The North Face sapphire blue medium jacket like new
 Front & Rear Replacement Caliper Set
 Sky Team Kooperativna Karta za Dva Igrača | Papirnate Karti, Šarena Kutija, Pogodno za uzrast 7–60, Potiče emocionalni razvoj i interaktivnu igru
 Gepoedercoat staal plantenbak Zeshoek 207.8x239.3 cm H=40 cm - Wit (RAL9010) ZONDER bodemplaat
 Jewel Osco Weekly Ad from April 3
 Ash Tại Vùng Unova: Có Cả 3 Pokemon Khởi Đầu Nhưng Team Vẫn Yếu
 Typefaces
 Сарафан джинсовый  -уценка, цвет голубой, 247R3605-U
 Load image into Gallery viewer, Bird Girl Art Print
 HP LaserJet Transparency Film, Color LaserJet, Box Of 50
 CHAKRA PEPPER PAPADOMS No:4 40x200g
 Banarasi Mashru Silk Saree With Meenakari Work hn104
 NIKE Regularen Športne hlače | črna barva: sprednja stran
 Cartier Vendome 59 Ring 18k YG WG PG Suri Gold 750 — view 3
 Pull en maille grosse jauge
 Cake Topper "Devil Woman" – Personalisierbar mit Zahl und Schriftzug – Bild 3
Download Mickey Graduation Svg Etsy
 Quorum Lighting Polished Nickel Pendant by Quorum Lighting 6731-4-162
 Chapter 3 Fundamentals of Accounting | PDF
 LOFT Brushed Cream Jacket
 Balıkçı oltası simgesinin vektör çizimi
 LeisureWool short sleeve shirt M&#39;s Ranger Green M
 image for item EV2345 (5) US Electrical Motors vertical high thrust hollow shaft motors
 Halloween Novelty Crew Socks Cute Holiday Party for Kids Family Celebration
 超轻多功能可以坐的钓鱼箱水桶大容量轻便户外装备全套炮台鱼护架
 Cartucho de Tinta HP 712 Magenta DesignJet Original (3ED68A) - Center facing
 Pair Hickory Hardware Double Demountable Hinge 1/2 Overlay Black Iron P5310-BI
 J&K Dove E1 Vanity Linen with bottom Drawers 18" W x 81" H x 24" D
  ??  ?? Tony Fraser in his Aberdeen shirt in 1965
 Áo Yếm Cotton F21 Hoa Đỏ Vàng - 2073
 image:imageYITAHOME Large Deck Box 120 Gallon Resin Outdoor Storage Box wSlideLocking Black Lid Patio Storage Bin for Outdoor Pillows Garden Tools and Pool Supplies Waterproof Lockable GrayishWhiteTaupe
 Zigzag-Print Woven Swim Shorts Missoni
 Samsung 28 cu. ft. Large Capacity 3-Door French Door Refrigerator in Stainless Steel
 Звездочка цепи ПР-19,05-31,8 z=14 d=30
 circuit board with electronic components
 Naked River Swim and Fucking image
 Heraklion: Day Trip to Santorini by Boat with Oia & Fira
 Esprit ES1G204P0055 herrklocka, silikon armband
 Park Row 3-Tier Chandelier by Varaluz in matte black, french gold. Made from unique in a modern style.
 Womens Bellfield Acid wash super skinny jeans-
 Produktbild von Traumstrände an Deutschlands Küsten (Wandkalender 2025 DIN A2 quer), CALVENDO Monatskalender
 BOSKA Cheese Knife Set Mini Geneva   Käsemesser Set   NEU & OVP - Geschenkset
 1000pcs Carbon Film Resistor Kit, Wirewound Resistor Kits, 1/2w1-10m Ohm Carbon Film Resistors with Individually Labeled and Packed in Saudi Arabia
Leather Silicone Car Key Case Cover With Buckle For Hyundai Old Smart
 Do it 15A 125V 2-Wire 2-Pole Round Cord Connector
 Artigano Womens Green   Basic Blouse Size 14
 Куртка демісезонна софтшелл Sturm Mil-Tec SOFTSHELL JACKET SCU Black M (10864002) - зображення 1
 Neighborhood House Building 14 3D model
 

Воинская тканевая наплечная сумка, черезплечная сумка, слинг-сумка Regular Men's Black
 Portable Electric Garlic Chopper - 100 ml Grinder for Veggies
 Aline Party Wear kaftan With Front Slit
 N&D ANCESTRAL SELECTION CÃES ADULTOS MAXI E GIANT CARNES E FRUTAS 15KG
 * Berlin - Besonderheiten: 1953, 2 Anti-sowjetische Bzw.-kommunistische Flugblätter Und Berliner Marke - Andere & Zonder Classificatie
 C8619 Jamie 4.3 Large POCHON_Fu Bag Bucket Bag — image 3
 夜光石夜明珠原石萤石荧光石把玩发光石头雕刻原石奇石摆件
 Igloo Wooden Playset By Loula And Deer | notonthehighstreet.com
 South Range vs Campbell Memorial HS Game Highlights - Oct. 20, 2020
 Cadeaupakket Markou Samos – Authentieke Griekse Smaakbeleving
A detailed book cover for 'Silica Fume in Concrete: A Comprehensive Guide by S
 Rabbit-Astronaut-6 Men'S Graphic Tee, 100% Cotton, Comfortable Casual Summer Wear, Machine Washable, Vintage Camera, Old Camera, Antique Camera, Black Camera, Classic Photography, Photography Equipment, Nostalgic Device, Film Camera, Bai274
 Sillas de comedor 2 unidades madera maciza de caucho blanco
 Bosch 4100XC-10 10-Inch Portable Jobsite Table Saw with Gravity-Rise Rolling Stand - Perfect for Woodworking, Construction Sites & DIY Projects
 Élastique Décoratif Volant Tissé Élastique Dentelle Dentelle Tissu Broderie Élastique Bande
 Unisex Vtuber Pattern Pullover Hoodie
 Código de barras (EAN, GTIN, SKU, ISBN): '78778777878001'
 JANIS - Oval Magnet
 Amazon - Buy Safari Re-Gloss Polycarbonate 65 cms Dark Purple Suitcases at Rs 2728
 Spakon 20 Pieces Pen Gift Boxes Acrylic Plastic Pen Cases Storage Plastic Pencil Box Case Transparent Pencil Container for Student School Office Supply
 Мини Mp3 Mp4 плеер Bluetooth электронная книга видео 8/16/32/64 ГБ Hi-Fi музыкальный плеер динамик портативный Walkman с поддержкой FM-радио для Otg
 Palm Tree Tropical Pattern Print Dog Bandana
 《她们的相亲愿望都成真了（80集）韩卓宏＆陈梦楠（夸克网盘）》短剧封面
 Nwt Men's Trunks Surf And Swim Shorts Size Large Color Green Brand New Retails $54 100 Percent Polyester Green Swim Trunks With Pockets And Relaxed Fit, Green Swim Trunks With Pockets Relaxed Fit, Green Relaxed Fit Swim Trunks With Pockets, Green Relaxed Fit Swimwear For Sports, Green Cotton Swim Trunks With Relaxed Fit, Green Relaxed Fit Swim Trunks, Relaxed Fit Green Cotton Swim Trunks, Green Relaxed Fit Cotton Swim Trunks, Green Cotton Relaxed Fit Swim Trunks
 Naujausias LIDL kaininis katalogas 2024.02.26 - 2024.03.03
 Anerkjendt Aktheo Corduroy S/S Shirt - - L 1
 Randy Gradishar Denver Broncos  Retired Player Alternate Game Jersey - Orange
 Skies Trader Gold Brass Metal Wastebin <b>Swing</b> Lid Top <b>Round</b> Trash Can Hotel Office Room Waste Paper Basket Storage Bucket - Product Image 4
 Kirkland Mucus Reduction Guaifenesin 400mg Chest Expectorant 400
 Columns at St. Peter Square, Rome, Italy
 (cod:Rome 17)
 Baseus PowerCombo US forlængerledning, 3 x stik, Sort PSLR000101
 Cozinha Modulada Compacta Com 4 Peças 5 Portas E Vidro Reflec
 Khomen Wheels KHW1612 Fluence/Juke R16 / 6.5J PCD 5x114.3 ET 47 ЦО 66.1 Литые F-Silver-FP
::::::::::
> [ASSIGNMENT]: Quote, word for word, every line from the top of the entries through the line that holds "CHAKRA PEPPER PAPADOMS No:4 40x200g".

> [SOLUTION TO THIS TASK]:
The North Face sapphire blue medium jacket like new
 Front & Rear Replacement Caliper Set
 Sky Team Kooperativna Karta za Dva Igrača | Papirnate Karti, Šarena Kutija, Pogodno za uzrast 7–60, Potiče emocionalni razvoj i interaktivnu igru
 Gepoedercoat staal plantenbak Zeshoek 207.8x239.3 cm H=40 cm - Wit (RAL9010) ZONDER bodemplaat
 Jewel Osco Weekly Ad from April 3
 Ash Tại Vùng Unova: Có Cả 3 Pokemon Khởi Đầu Nhưng Team Vẫn Yếu
 Typefaces
 Сарафан джинсовый  -уценка, цвет голубой, 247R3605-U
 Load image into Gallery viewer, Bird Girl Art Print
 HP LaserJet Transparency Film, Color LaserJet, Box Of 50
 CHAKRA PEPPER PAPADOMS No:4 40x200g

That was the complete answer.